SMA Solar Technology is the “leading Western supplier” of inverters to Japan, according to one analyst, with over 1GW of inverters shipped.
The European inverter manufacturer which once held as much as a 40% share of worldwide inverter sales, announced this morning that it has passed the gigawatt “milestone” of shipments to Japan, across the country’s residential, commercial and utility-scale segments.
SMA opened its Japanese subsidiary in 2011, a year ahead of the feed-in tariff’s (FiT’s) inception. Japan’s FiT, brought in in July 2012, drove the domestic PV market to being the second biggest in the world in 2013 and 2014. In common with many other developed countries including the UK and Germany however, the FiT is now being brought down quickly, leading to speculation over how the next phase into the post-FiT era will progress, having come earlier than many in the industry had originally anticipated.
Cormac Gilligan, senior analyst in the power and technology group at IHS and specialising in inverter market tracking, said that based on cumulative inverter shipments to Japan, SMA is the leading non-Asian, or even non-Japanese supplier. In addition to inverters, SMA has also marketed its communication products and energy management systems there as well as offering consultancy services.
Gilligan said that IHS was still in the process of compiling data from Q3 2015 and so could not yet give a precise ranking for the most recent period. However, he said, other European suppliers that have shipped “significant shipments to Japan” include Schneider Electric (France) and KACO (Germany), and ABB, headquartered in Switzerland.

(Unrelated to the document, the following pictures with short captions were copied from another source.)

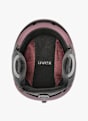 uvex ultra casque de ski Rose 16528 5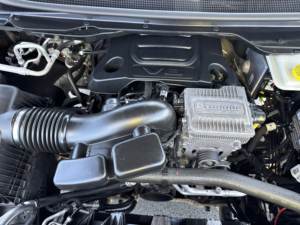 Jeep Wagoneer Serie III 2022 Usado en Buen Estado - Product Image 5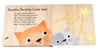 Touch and Trace Nursery Rhymes: Hey Diddle Diddle Book
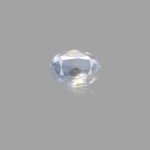 5.69 carats Bi-color Sapphire ( 6.32 ratti Pitambari Neelam )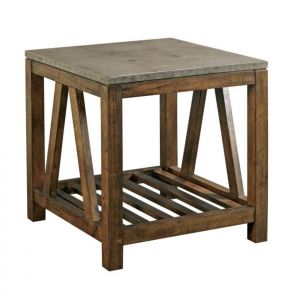 Kincaid Furniture - Modern Classics Mason End Table - 69-1130
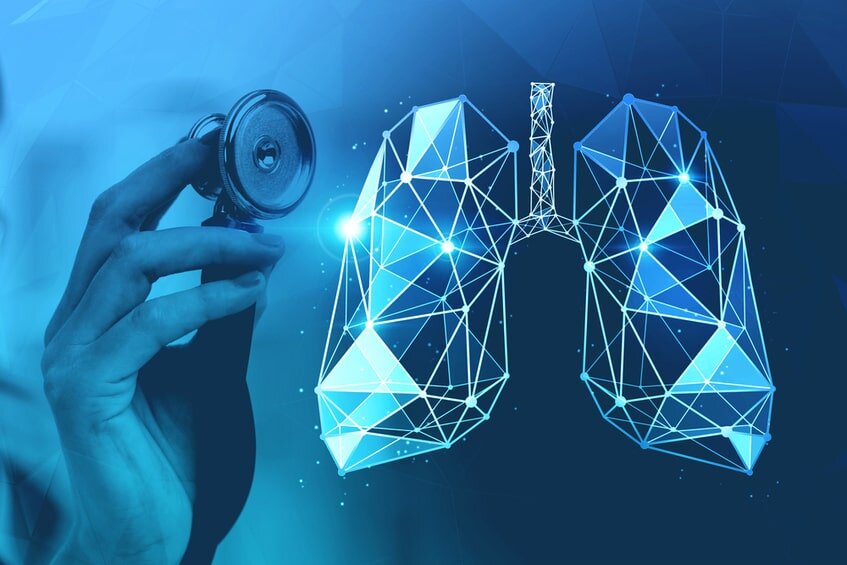 AstraZeneca: новые данные исследований осимертиниба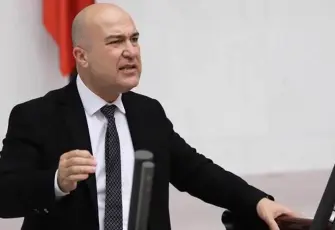 CHP’li Bakan’dan polislerin yaşadığı mağduriyete tepki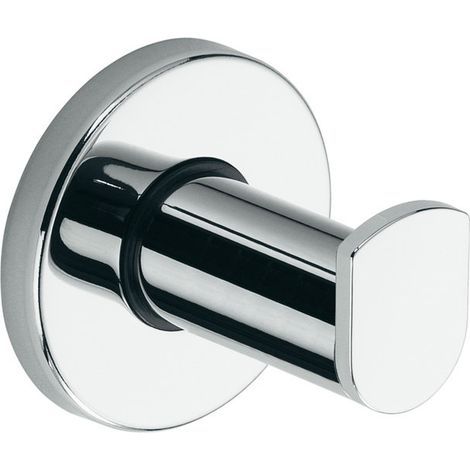 Keuco Plan - Appendino, cromo 14914010000 (1/2)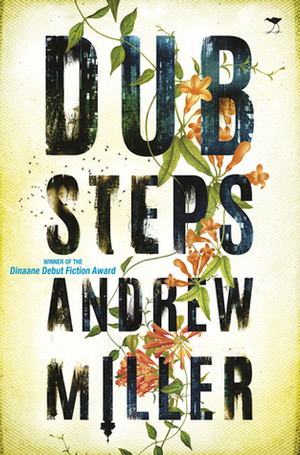 Dub Steps by Andrew Miller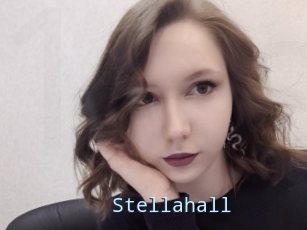 Stellahall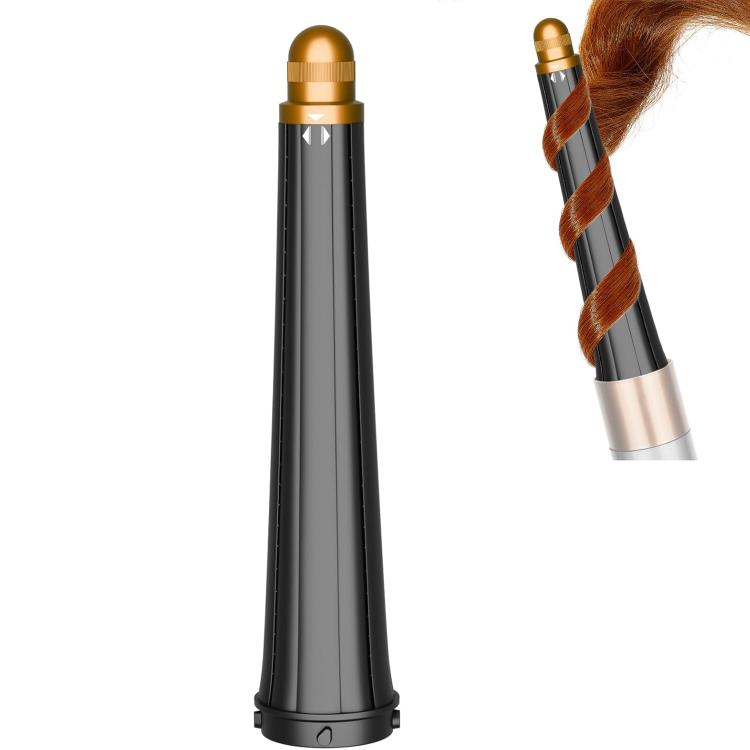 Accessori per arricciacapelli conici lunghi compatibili con Dyson Airwrap HS01/ HS05 / HS08
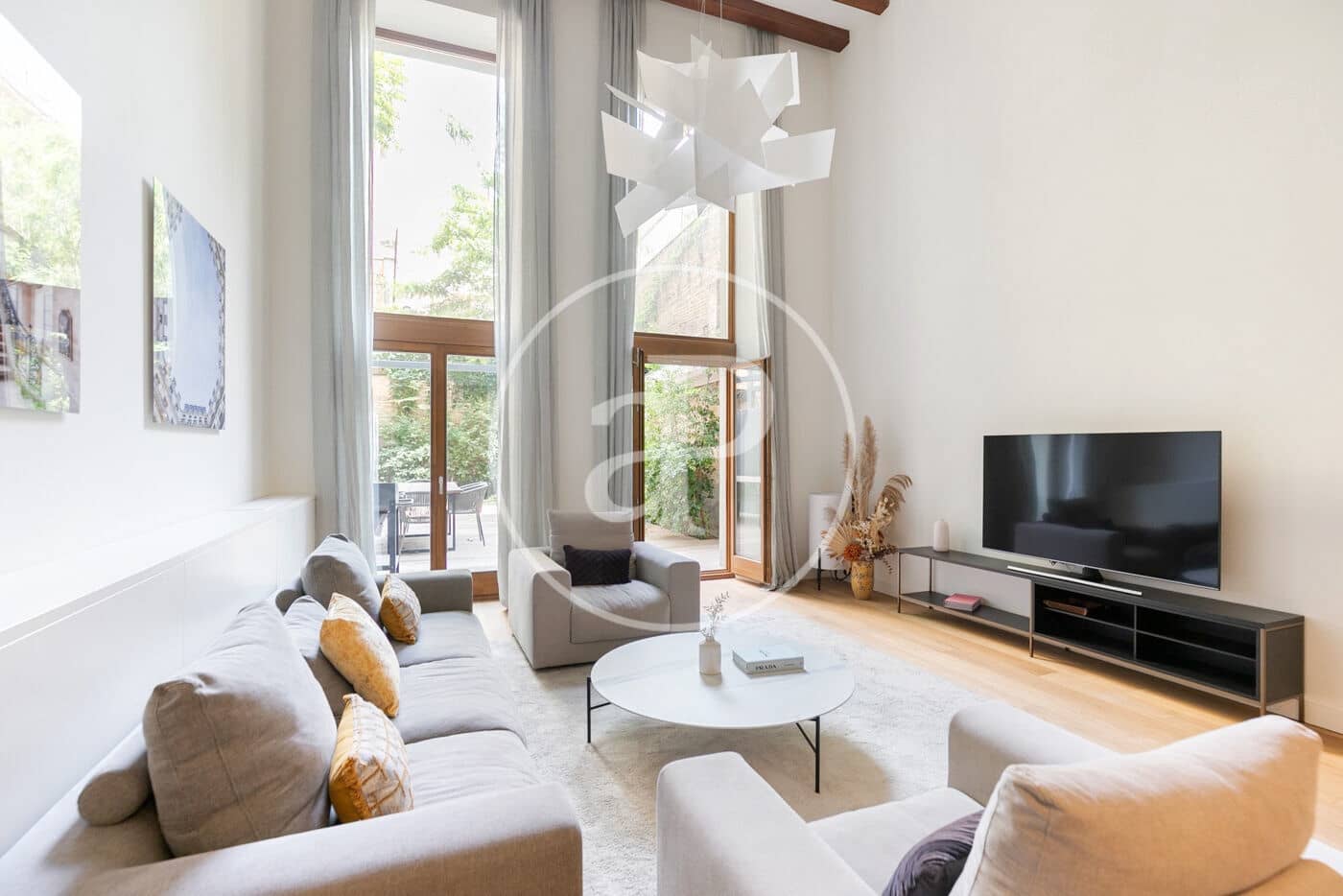 3 sypialnia Apartament na sprzedaż w Miasto Barcelona - 2 158 000 € (Ref: 9770637)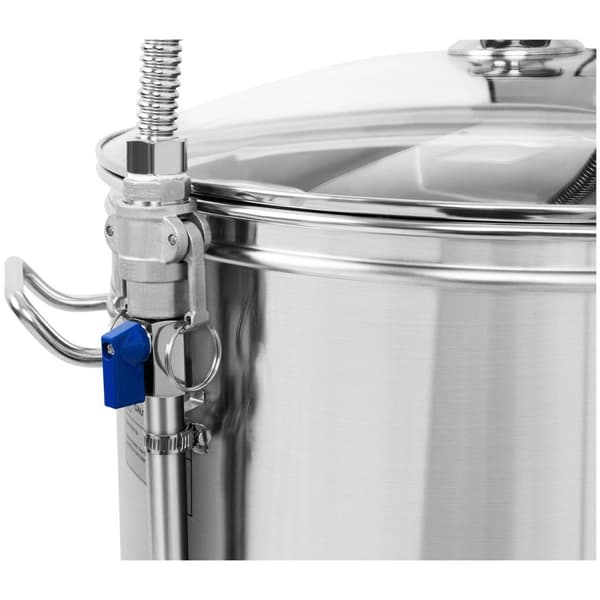 Royal Catering Bryggverk - 40 L - 2500 W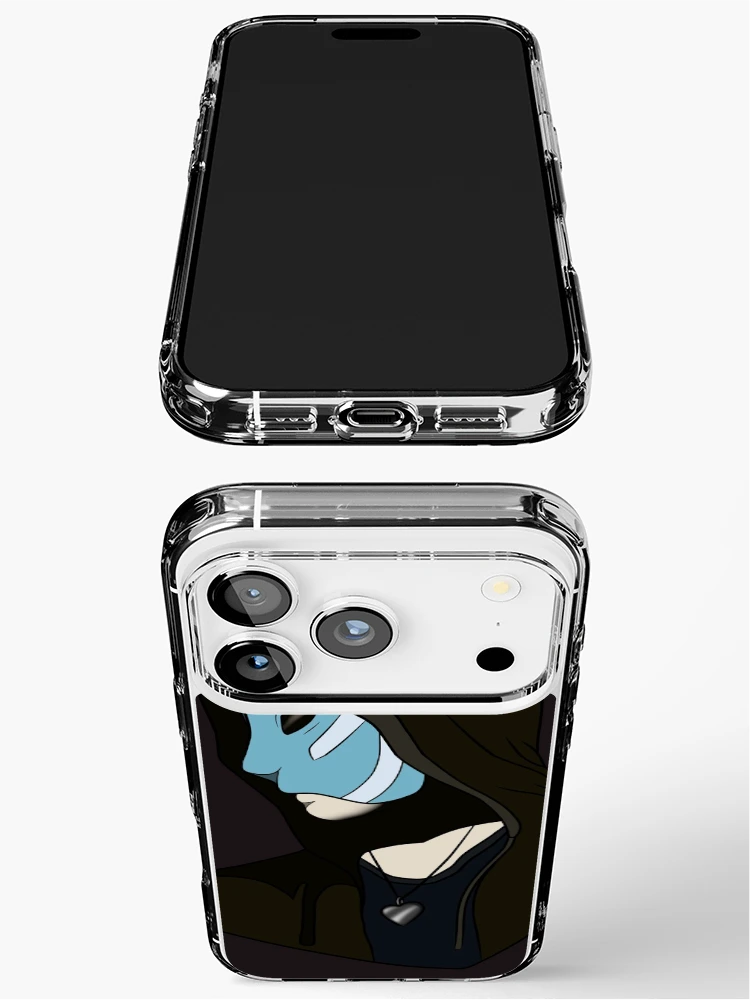 Imagen 3 de 5, Funda de iPhone con la obra George Ragan, diseñada y vendida por AlphaThree.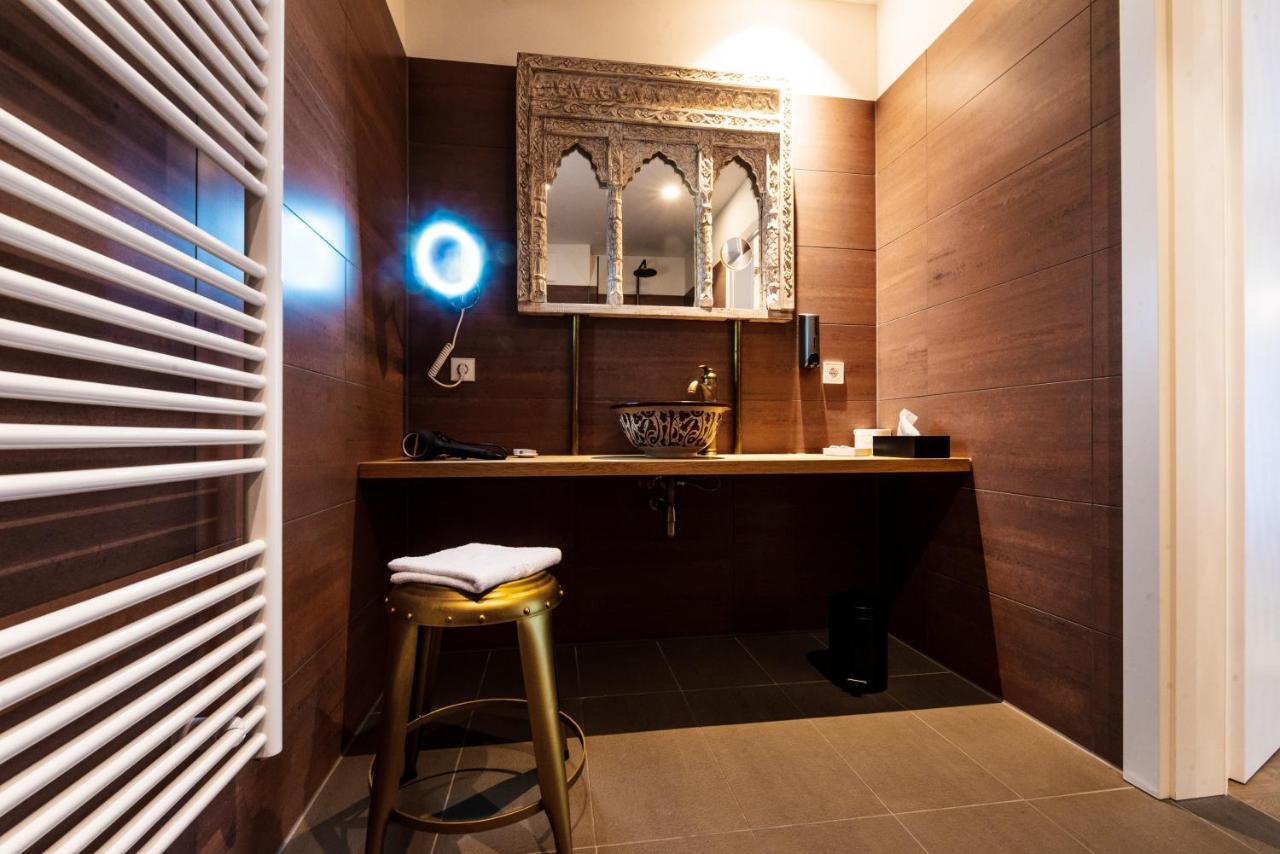 Blackhome Graz I Contactless Check-In エクステリア 写真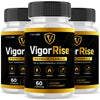 Image of Vigor Rise Advanced Natural Male Health Support Supplement VigorRise 180 Capsule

Meanwhile, other non-domestic suppliers such as LSIS (Korea), Delta (Taiwan), Sungrow and Huawei (both China) are “active in the market”, Gilligan said.
SMA said its commercial and residential inverters have been “specially adapted” for the Japanese market – which included meeting the high standards of certification required by JET (Japan Electrical Safety & Environment Technology Laboratories) before electrical goods can be sold in the country.
While SMA did not offer a breakdown by segment of the 1GW shipped, Cormac Gilligan at IHS said that as it can be a lengthy process to obtain JET certification at residential scale, meaning that generally, “Western suppliers have been most successful in utility-scale installations to date”. Another barrier to the domestic residential market was that Japanese customers tend to prefer local brands, with residential PV systems usually bundled and sold in kits.
This article has been amended from its original form to reflect the correct countries of origin of Schneider Electric and Delta.